If a man has a standard semen analysis with solidly normal results, then the AR Test will likely add little additional predictive value. If we screen everyone with a standard analysis and then add the AR Test, we will actually increase costs for many of our men who are in our clinic because they have not been able to create the baby they desire. After giving our patients all the information available, we allow our patients to decide whether and when to have an AR Test, but establishing normal sperm function early in the evaluation provides a baseline for determining which treatment approaches will be most effective.
The majority of men with a vasectomy can have more children but they require surgery to reconnect the tubes or IVF with ICSI using sperm from the testicles.
Men who had their vasectomy more than 10 years ago are very likely to have poor quality sperm and require IVF-ICSI even after surgery.
Men who have evidence of testicular atrophy (small testes) are also likely to have poor sperm quality.
Vasectomy reversal surgery offers good success rates over time and the possibility of additional children because the man will continue to produce sperm.
Instead of vasectomy reversal, choosing IVF allows these men to have children because we can aspirate sperm from the testicles under sedation using a needle similar to obtaining a blood sample. We call the technique non-surgical sperm aspiration (NSA). The painless procedure occurs on the day of egg retrieval and is minimally invasive so recovery is virtually immediate.
Men who want only a single child might consider IVF rather reversal surgery followed a second sterilization.
Men who are married to an older woman might also consider IVF because women become less fertile as they age.
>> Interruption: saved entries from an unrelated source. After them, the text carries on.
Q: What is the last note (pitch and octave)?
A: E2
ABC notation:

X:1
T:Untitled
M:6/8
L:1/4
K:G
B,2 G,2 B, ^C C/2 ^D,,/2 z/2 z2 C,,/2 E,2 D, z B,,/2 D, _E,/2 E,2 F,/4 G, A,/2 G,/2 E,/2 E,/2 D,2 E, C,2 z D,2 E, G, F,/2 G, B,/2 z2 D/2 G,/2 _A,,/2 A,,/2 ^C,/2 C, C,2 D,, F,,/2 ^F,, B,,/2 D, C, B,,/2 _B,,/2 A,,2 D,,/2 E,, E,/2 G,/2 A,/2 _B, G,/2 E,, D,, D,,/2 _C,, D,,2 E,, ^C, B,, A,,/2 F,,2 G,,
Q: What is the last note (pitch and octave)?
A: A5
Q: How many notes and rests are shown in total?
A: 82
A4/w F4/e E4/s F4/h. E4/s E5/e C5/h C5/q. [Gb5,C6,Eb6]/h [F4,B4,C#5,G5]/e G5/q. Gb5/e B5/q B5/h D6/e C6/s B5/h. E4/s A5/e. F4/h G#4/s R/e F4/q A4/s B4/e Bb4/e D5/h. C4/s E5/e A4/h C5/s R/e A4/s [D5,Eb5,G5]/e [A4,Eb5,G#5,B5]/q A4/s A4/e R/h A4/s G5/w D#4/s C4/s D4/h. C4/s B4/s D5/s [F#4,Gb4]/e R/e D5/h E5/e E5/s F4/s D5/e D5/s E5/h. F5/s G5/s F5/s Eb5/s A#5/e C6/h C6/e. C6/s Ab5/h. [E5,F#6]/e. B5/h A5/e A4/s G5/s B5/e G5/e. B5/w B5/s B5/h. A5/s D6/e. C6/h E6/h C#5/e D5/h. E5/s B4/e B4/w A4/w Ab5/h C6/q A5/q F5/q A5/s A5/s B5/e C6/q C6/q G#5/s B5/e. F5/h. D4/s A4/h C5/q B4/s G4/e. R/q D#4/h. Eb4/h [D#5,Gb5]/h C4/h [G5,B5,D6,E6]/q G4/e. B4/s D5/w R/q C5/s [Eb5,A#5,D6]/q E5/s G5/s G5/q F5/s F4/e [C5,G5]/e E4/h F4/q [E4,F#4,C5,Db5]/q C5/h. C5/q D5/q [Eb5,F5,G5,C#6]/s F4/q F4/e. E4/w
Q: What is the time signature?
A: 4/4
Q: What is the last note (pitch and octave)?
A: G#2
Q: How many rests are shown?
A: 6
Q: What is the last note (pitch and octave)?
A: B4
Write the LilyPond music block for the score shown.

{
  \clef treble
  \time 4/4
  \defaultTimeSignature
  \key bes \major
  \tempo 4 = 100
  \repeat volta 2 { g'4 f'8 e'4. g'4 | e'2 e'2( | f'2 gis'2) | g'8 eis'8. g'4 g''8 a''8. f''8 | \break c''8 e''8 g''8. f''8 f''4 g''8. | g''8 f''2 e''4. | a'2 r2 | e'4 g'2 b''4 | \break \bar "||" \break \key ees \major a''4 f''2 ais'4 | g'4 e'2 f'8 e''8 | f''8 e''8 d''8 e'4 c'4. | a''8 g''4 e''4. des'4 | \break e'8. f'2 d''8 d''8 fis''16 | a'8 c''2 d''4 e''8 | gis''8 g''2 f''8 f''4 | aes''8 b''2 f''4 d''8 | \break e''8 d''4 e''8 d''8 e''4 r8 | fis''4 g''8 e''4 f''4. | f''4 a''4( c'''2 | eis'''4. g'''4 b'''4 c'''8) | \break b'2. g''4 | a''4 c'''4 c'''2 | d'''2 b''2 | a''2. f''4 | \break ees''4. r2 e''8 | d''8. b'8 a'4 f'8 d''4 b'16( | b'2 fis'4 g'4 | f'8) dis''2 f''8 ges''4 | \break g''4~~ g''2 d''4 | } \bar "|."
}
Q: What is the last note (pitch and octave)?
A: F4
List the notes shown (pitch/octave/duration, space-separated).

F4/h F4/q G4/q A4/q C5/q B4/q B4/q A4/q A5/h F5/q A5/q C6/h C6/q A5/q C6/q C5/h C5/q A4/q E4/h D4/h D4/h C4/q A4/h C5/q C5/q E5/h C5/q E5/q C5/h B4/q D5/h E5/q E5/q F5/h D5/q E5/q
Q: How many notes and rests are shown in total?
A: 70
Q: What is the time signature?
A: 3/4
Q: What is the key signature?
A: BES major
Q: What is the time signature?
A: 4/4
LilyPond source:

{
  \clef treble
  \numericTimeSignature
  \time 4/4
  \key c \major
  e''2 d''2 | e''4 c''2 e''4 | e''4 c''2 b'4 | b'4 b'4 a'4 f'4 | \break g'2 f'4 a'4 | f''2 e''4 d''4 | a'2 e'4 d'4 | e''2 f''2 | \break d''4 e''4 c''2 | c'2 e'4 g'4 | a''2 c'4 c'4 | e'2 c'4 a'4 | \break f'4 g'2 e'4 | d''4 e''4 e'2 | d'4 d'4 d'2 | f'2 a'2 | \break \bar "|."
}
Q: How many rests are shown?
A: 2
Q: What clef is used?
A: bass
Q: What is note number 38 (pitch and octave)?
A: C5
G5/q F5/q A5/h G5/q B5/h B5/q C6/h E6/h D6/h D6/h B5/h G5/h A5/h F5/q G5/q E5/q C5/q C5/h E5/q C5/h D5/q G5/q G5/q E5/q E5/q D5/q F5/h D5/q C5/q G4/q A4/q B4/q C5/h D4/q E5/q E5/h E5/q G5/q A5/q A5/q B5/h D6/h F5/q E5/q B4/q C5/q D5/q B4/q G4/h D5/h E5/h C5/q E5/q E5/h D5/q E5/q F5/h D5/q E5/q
Conception after surgery can take 6-12 months, which might be a long time if the woman is older than 35.
- Strong family history,
- Developmental issues like undescended testicles
- Medical diseases like diabetes or heart disease
- Past history of cancer drug treatment
- Medications like testosterone replacement or some cardiac drugs
- Recreational drug and alcohol use
- Environmental exposure to chemicals
- Heat such as saunas or hot tubs and occasionally exceptionally hot baths
- Miscellaneous issues like erectile dysfunction
Notice in the following graph that low sperm counts/concentrations are more common in infertile men but fertile men can also have low sperm counts.
If the sperm count is low then the man is more likely to have male infertility. Some fertile men have low counts too.